Where did they go?  Why didn't they tell her what to do?

So she bent down to look into the tomb - and two men, sitting one at the head and one at the feet where Jesus had lain said, "Woman, why are you crying?"

Sobbing, she answered, "Because they have taken away my Lord, and I don't know where to find Him."

Disconsolate, sobbing, confused, her stomach churning, her heart breaking, perhaps she was wondering if the demons would come back now that Jesus was dead.

Blinded by tears, she saw what she thought was the gardener.

He spoke to her, so gently, "Woman, why are you weeping?"

"Oh please," she sobbed, "If you've taken Him, just tell me where and I'll go get Him!" (translation liberties mine) "You don't have to do anything!  Please, please just tell me..."

And then her frantic sobbing and despair were banished by a single, tender, gentle word:

"Mary."

She knew that voice.  She knew it!

It was HIM!  And He was alive!

Sobbing now out of joy and wonder, she fell at His feet and did the only thing an unrelated female could do in that day and culture - she grabbed His feet - His precious, broken, nail-scarred feet.

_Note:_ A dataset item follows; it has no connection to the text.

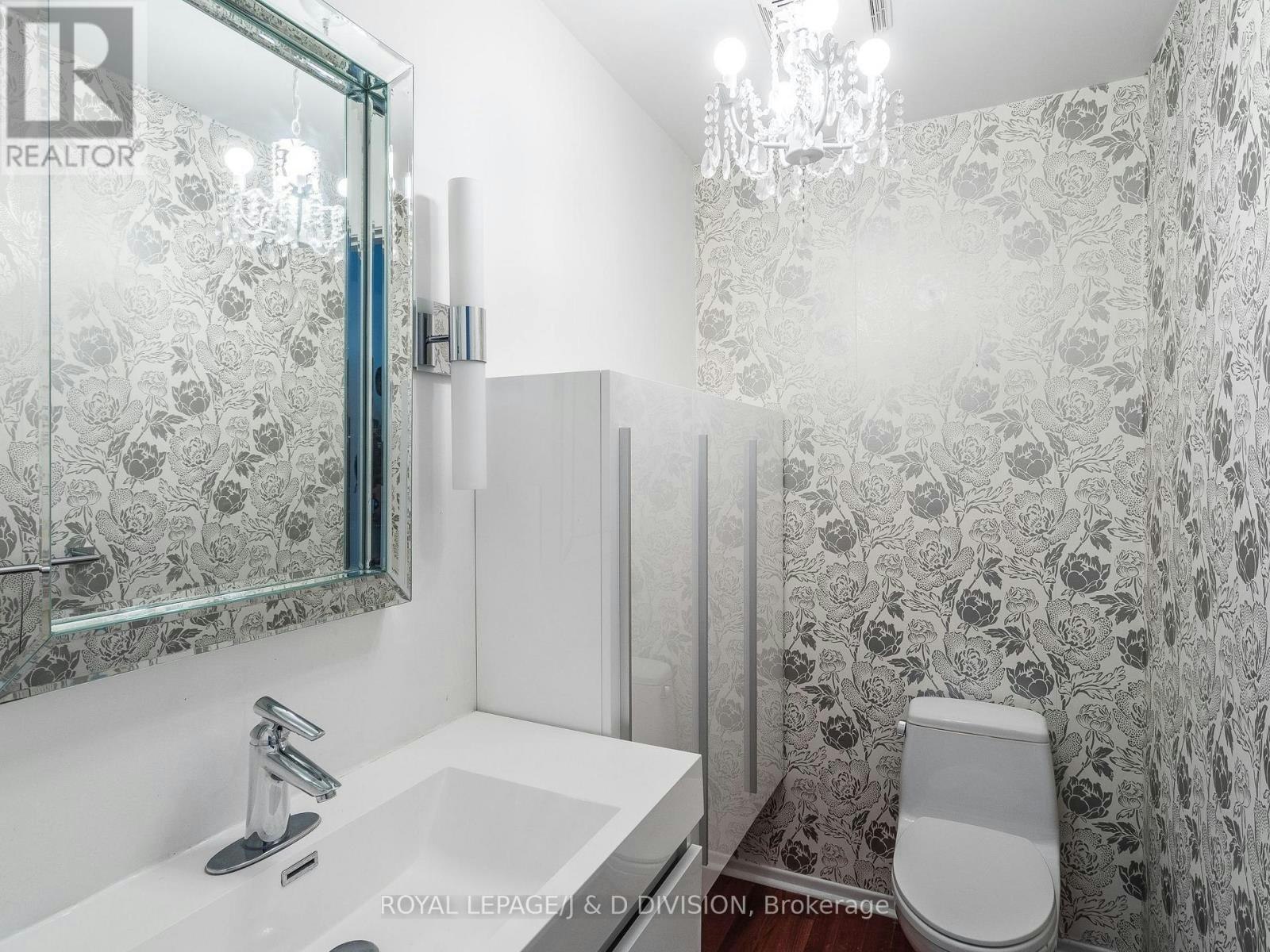 640 Adelaide Street W, Toronto, ON, M6J 1A9 - 22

Her grip must have fierce - and I believe there was a hint of a chuckle in His voice when He said, "Don't cling to me, Mary - I haven't been to My Father yet!  I'll be back."

And that very line - with my translation liberties and emphasis included - really hit me today.

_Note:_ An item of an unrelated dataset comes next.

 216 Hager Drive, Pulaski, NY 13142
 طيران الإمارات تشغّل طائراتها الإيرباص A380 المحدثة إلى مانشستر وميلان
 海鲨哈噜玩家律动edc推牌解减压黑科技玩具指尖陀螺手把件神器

Mary - not the apostles, not even His own mother, was the first person Jesus appeared to that Resurrection Day.  He hadn't even been to His Father yet!  Imagine it!

He loved Mary with such a great, overwhelming tenderness that He wouldn't let her hopeless grief continue a moment longer - or her fears that the demons would come back, or her horror that someone would desecrate His tomb, His body.

And He loves us with that same great, overwhelming tenderness.

He doesn't want us, either, overwhelmed by grief, or fear, or despair.

Being CI didn't happen to us by accident, dear one. And sometimes, yes, it is heartbreaking, and grief-provoking, and fearful and devastating.

But into that darkness, He speaks our names, too - tenderly, never leaving us orphans, or unprotected, or Comfortless.

Like the stars, He calls us each by name.

And all we need to do, really, is listen.